Arachnia!

TorgoX on 2002-03-16T09:37:42

Dear Log,

I spent all day poking at writing a chapter on spiders.

I think there's roughly four kinds of LWP programs:

  1. Programs that get one object off the web and process it (i.e., save it, whatever).
  2. Programs that get one object off the web, and find everything it links to, and process (save, etc) those.
  3. Programs that get a page, process it, look at everything that it links to that's on the same host, and get and process all those, and everything that they link to, and everything that those link to, recursively.
  4. Programs that get a page, process it, look at everything that it links to wherever it is on the Web, and get and process all of those, and everything that they link to, and everything that those link to, recursively.
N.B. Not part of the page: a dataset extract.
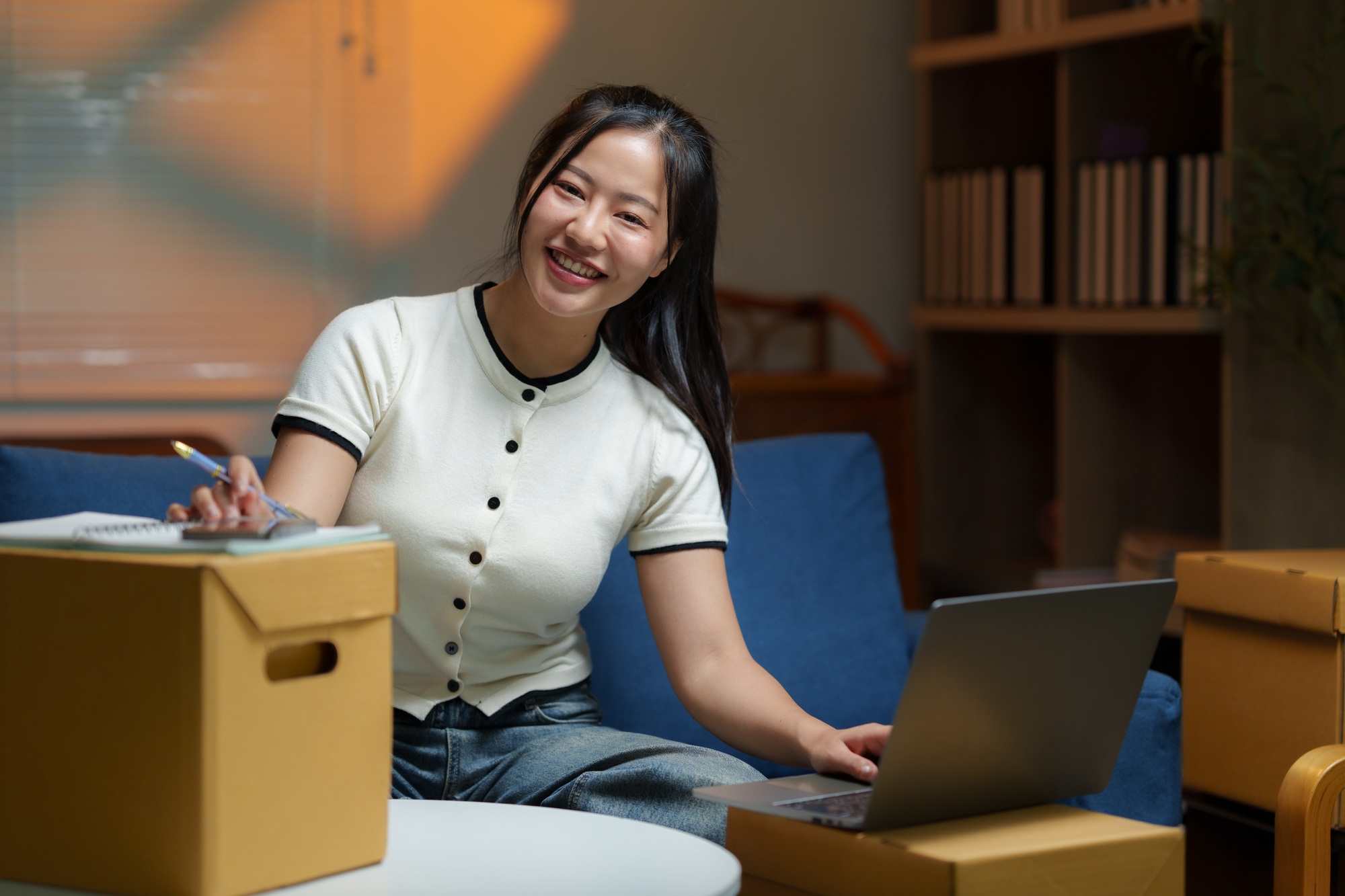 Asian woman managing inventory and logistics using laptop at home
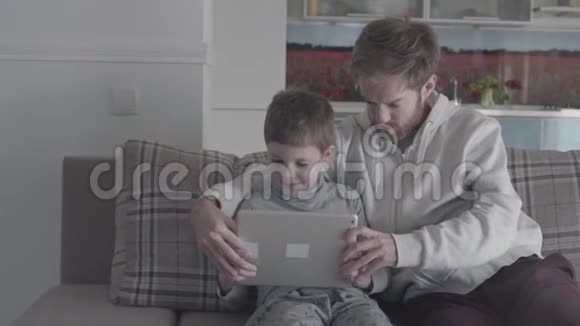 微笑快乐的父亲和孩子使用数字平板电脑坐在沙发上的大客厅爸爸教儿子视频的预览图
I constantly write programs that do the first two, but I don't generally call them "spiders". I generally reserve the term "spider" for the last two.

    I can imagine writing a program that does the third (a single-site spider), and indeed I'm doing so for the chapter, and I think it'll comprise the meat of the chapter, showing off LWP::RobotUA.

    But it seems that many people want to write a program like the fourth -- a freely-traversing spider -- and for them I'm trying to muster something more useful than just saying "DON'T! [endchapter]".

    After spending much of the day watching the cursor blink ON and OFF and ON and OFF, I think that that section will be "Don't, because... [fifty good reasons]".

    Because just about everyone I know who admins a server, has had some numb-skull's useless aimless spider come and hammer their server senseless for just no good reason. "I was just searching the whole web for pages about Duran Duran, is all! How was I supposed to know your host would contain an infinite URL-space, in its events calendar site?"


    Third order spiders

    ziggy on 2002-03-16T15:00:16

    Once you've got a link checker / site spider (type 3), how much work is it to make a general purpose onconstrained spider (type 4)? Not much.

    It sounds like you need to handle the issue of senselessly hammering someone's webserver with the third part of the chapter. Perhaps all you need to do with the fourth part is outline what needs to be changed (as an exercise for the reader) and continue with the litany of reasons why you shouldn't do this unless you really know what you're doing?

    Re:Third order spiders

    darobin on 2002-03-16T16:44:04

    Once you've got a link checker / site spider (type 3), how much work is it to make a general purpose onconstrained spider (type 4)?

    Actually, I think it's more the other way round. An unconstrained spider is easy to write, it's adding the constraints that's harder ;)

    Re:Third order spiders

    vsergu on 2002-03-16T18:24:51

    Yes, adding the constraints is harder, but the one constraint that distinguishes type 3 from type 4 isn't hard at all. All you need to do it check that each URL starts with a particular prefix before you fetch it.

    The more difficult constraints, such as avoiding infinite URL spaces and not hammering a server too hard, apply to type 3 just as much as type 4. But I guess you don't need to worry so much about them when you're running a type 3 program on a site that you control, since you'll be aware of any problems (or should be) and can stop the program when they come up.

    A type 3 program that's running on a site you don't control, however, seems to be just as troublesome as a type 4 program, so I'm not sure the distinction is all that useful.

    Re:Third order spiders

    darobin on 2002-03-16T19:08:52

    True. Not hammering a site is rather simple, just sleep correctly (using LWP::RobotUA). Avoiding infinite space URLs otoh is hard and can probably only rely on heuristics (don't request more than n docs from server foo, don't request URLs that are longer than n chars, etc) or on the owner of the site having setup a robots.txt that you can read with WWW::RobotRules.